=== GIVEN ENTRIES ===

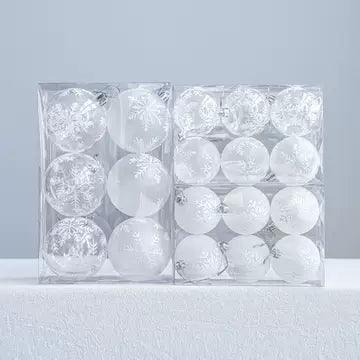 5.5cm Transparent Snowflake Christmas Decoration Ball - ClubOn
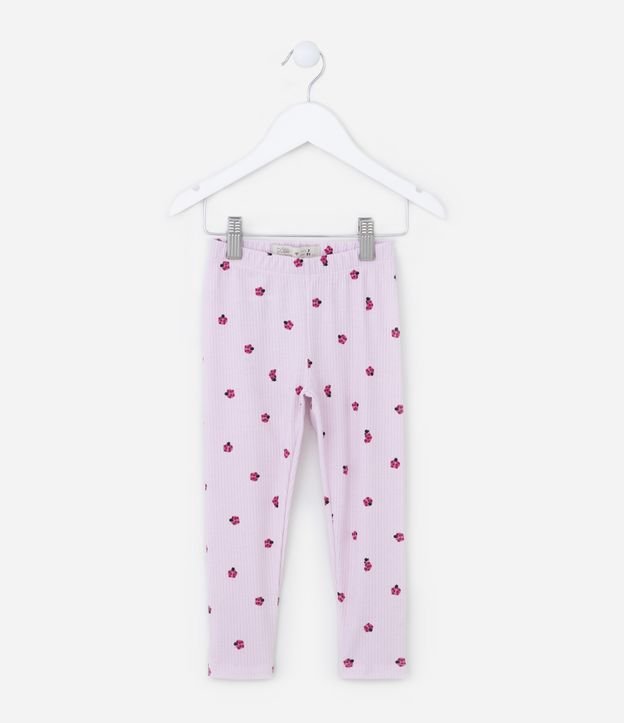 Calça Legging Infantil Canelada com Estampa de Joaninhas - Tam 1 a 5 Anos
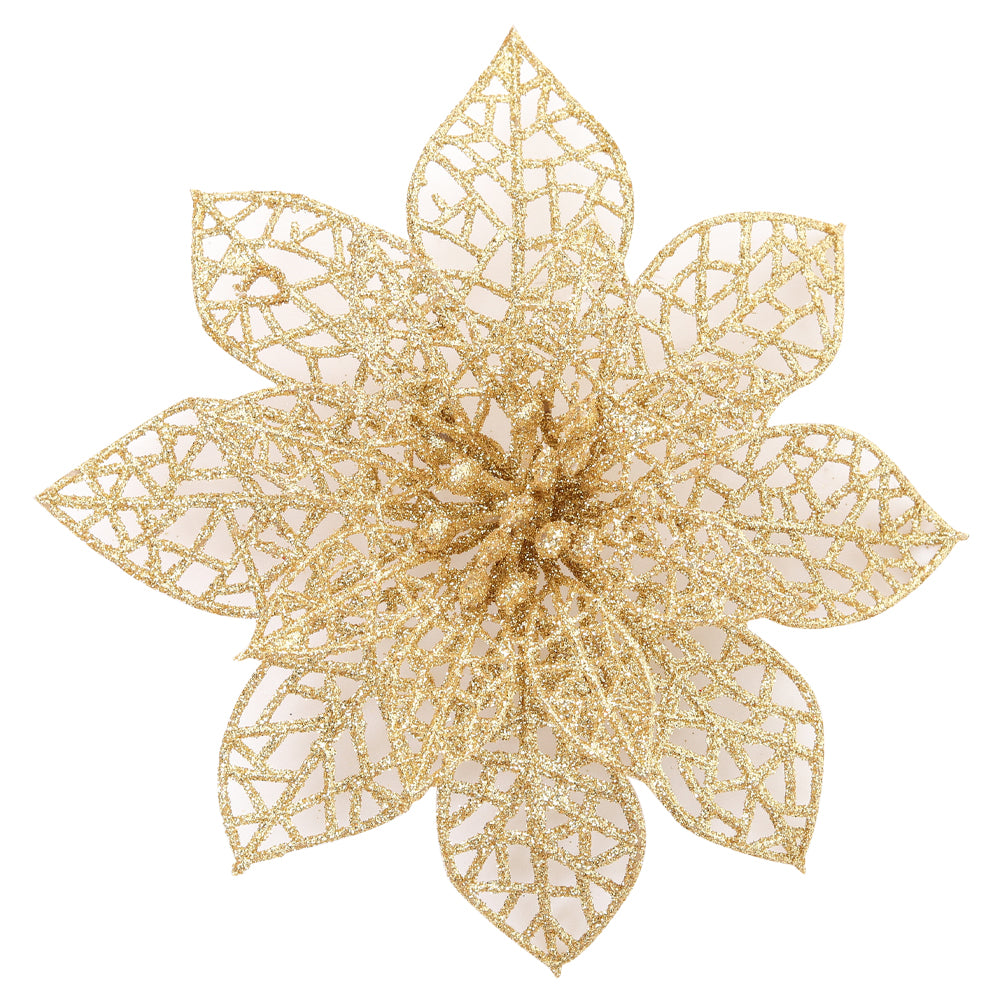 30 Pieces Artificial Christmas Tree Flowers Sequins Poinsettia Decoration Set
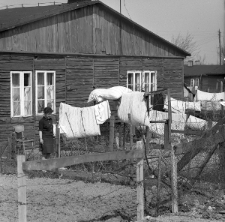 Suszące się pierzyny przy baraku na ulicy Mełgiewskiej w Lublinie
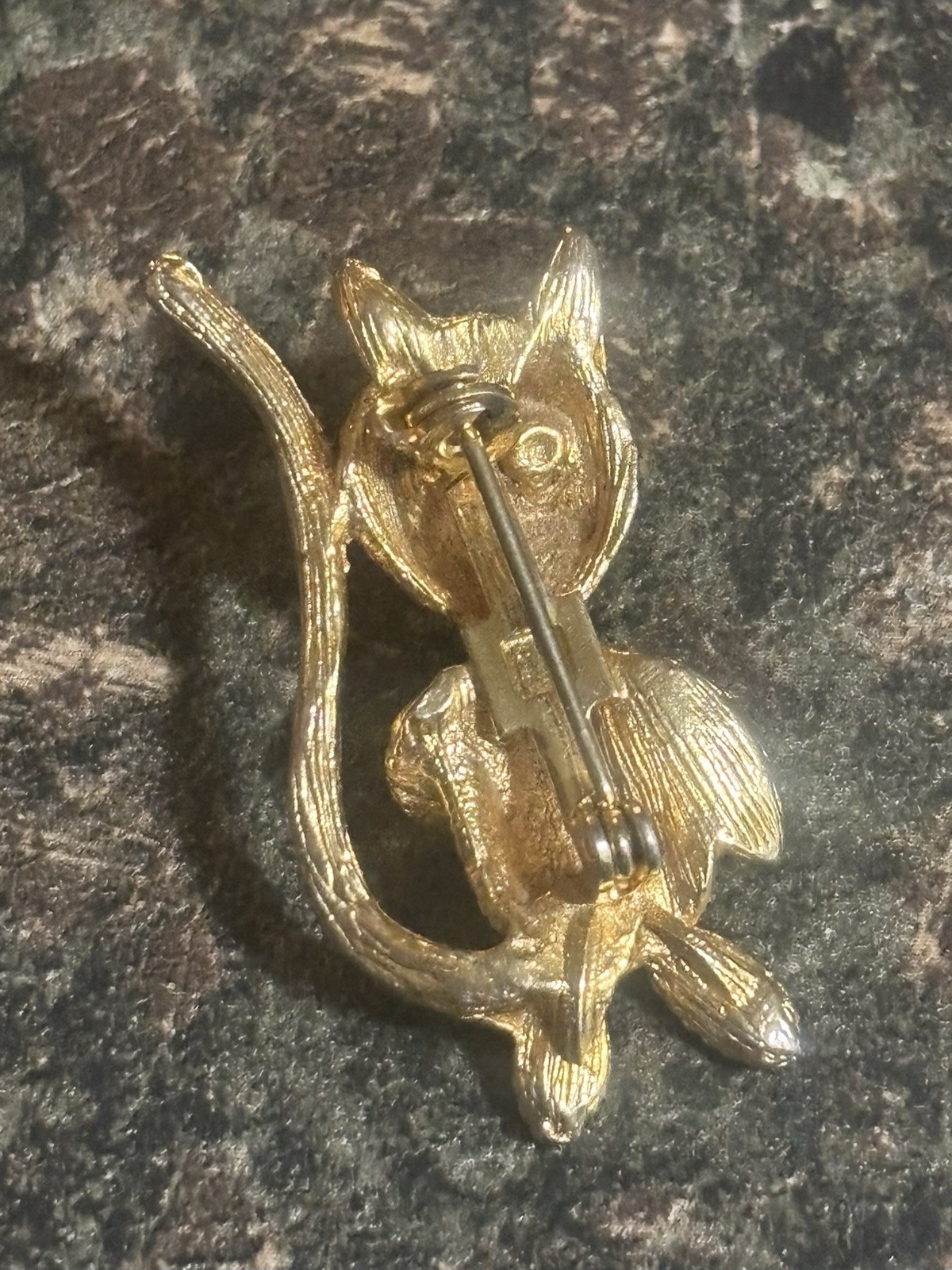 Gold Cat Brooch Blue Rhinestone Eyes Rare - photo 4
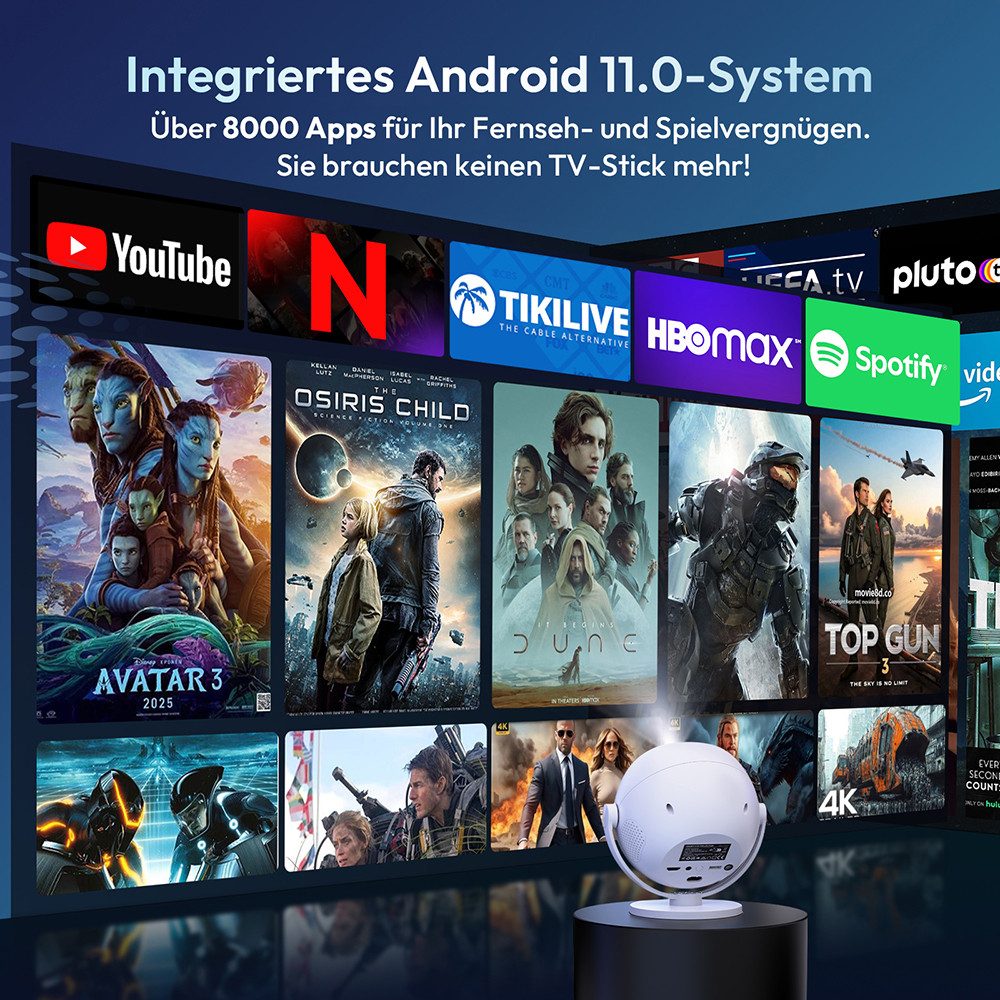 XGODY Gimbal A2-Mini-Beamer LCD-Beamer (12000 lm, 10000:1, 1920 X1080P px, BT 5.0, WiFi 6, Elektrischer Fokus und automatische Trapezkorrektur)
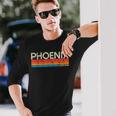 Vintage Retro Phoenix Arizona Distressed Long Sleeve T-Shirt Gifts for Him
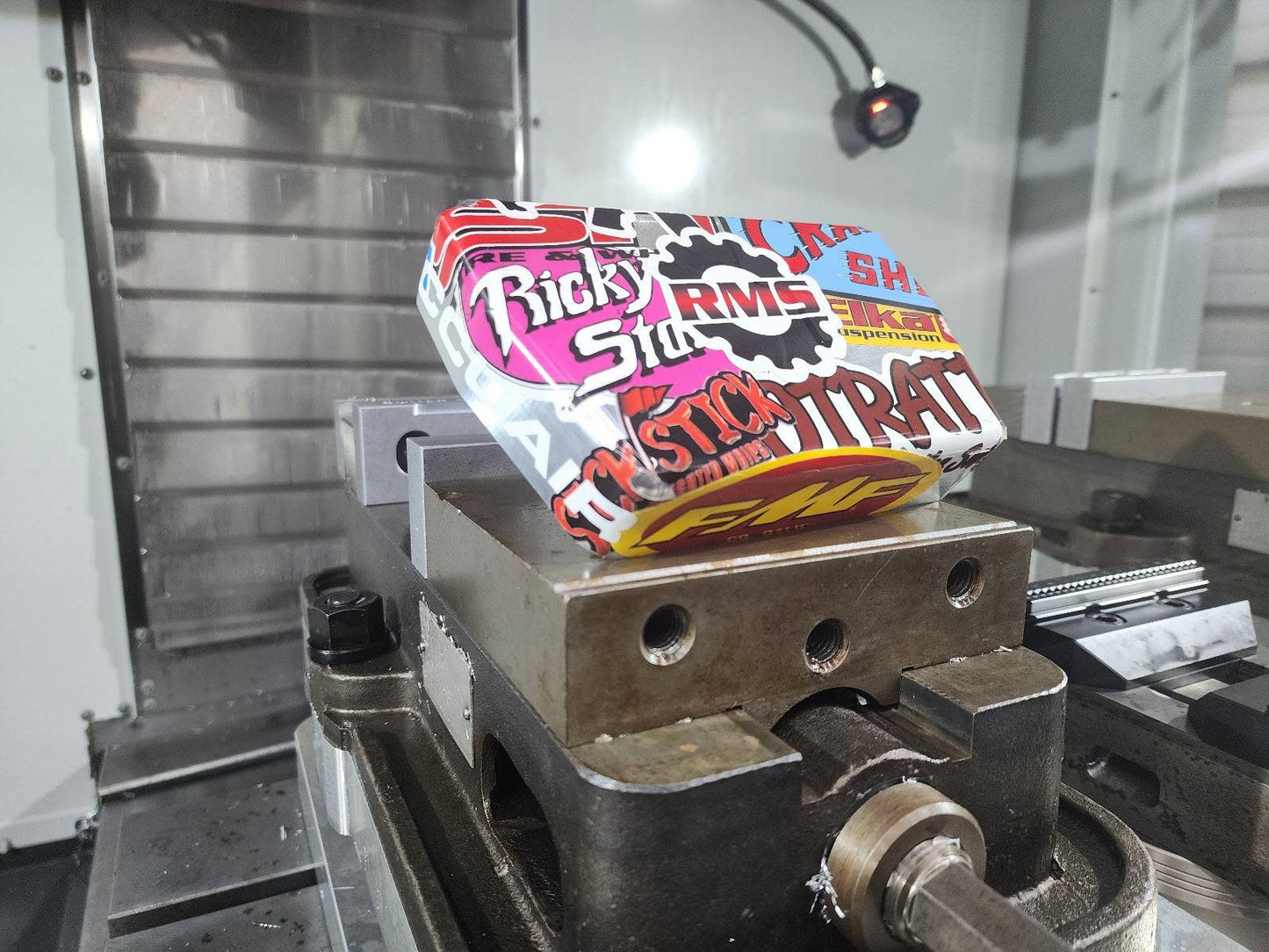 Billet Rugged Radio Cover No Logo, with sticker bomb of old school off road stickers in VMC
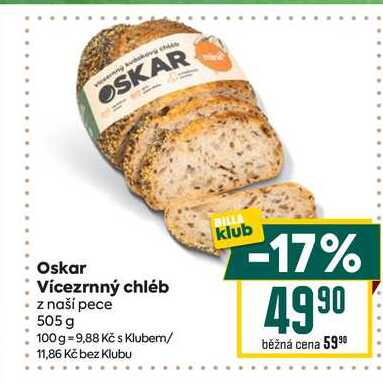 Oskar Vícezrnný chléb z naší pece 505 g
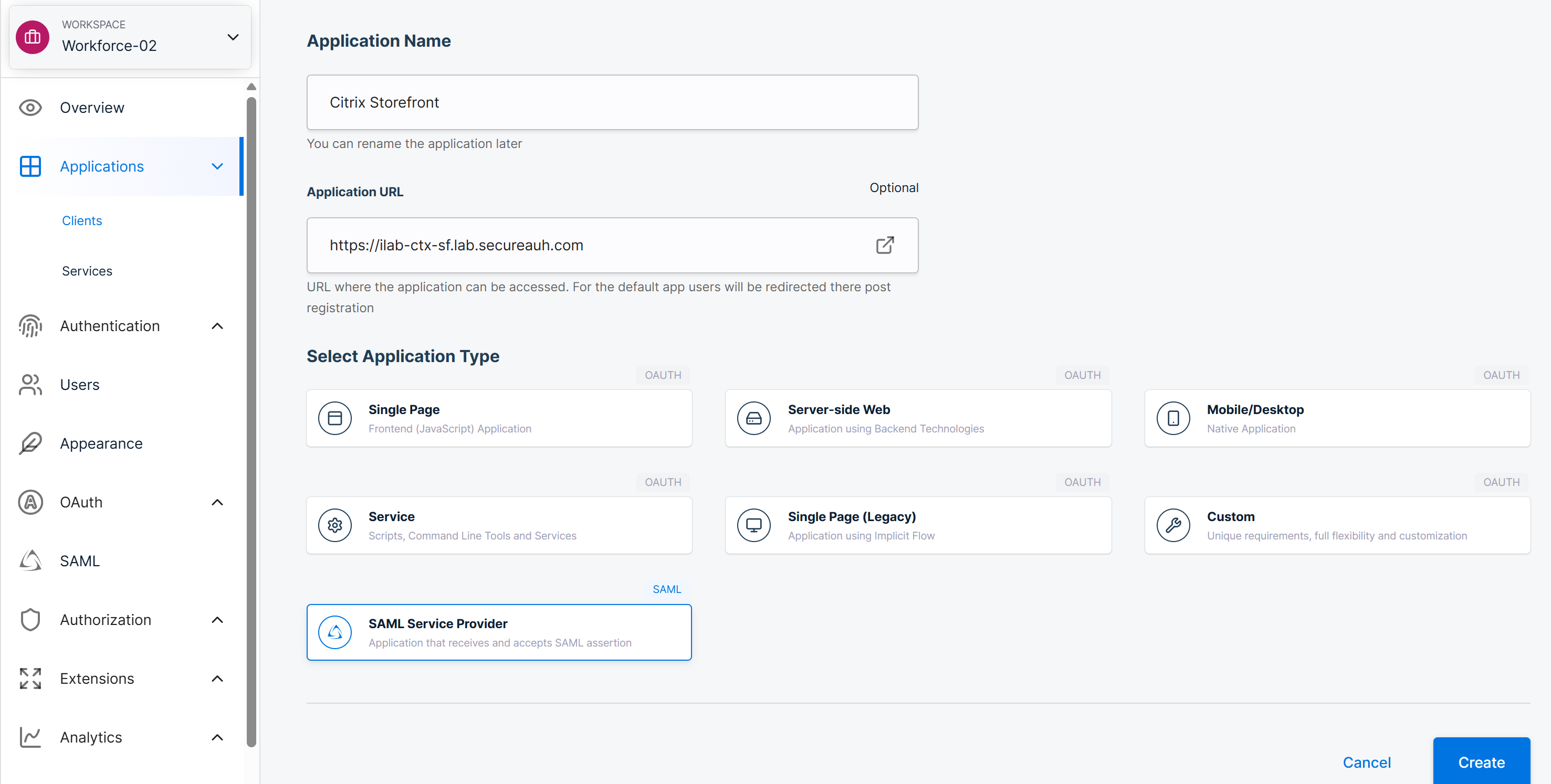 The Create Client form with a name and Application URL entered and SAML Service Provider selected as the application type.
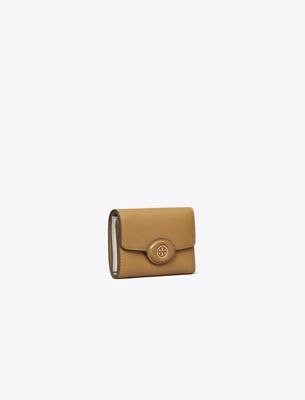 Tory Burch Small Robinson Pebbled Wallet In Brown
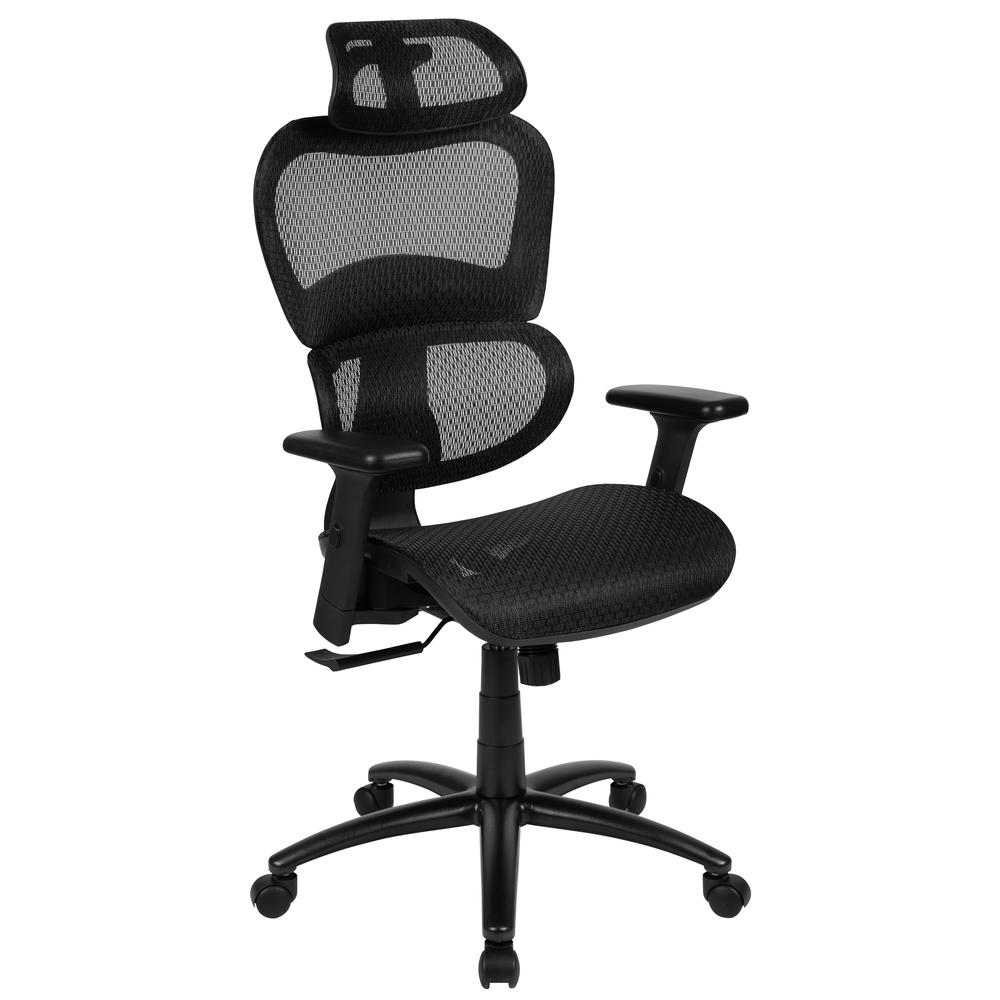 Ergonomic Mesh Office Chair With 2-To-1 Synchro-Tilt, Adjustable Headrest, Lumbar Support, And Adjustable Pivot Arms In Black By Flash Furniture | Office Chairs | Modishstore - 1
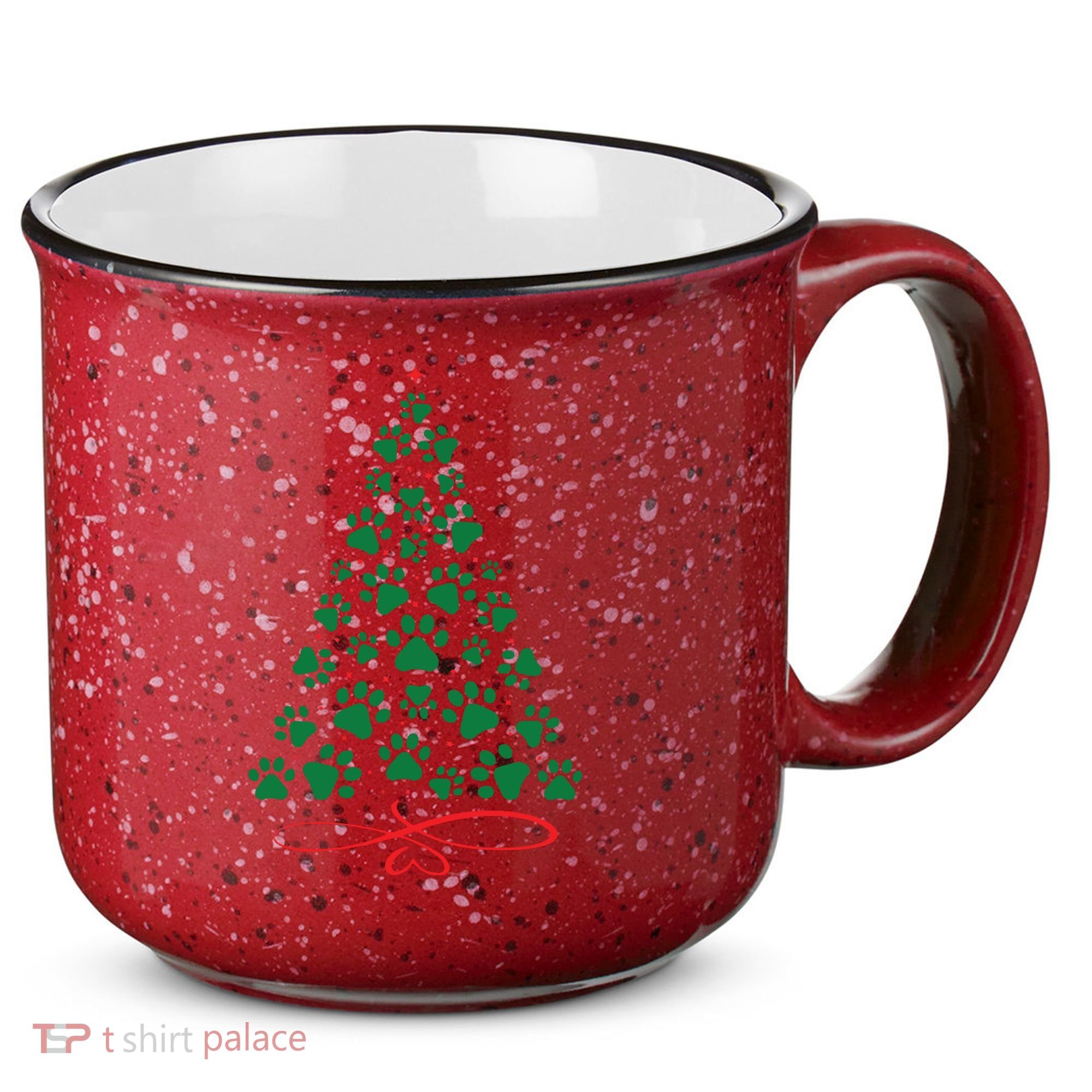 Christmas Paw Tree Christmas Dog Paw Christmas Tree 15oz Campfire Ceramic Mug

===

WORK TASK
Retype each entry exactly. No pictures.

EXERCISE SOLUTION
 5.5cm Transparent Snowflake Christmas Decoration Ball - ClubOn
 Calça Legging Infantil Canelada com Estampa de Joaninhas - Tam 1 a 5 Anos
 30 Pieces Artificial Christmas Tree Flowers Sequins Poinsettia Decoration Set
 Suszące się pierzyny przy baraku na ulicy Mełgiewskiej w Lublinie
 Gold Cat Brooch Blue Rhinestone Eyes Rare - photo 4
 XGODY Gimbal A2-Mini-Beamer LCD-Beamer (12000 lm, 10000:1, 1920 X1080P px, BT 5.0, WiFi 6, Elektrischer Fokus und automatische Trapezkorrektur)
 Vintage Retro Phoenix Arizona Distressed Long Sleeve T-Shirt Gifts for Him
 Billet Rugged Radio Cover No Logo, with sticker bomb of old school off road stickers in VMC
 Oskar Vícezrnný chléb z naší pece 505 g
 The Create Client form with a name and Application URL entered and SAML Service Provider selected as the application type.
 Tory Burch Small Robinson Pebbled Wallet In Brown
 Ergonomic Mesh Office Chair With 2-To-1 Synchro-Tilt, Adjustable Headrest, Lumbar Support, And Adjustable Pivot Arms In Black By Flash Furniture | Office Chairs | Modishstore - 1
 Christmas Paw Tree Christmas Dog Paw Christmas Tree 15oz Campfire Ceramic Mug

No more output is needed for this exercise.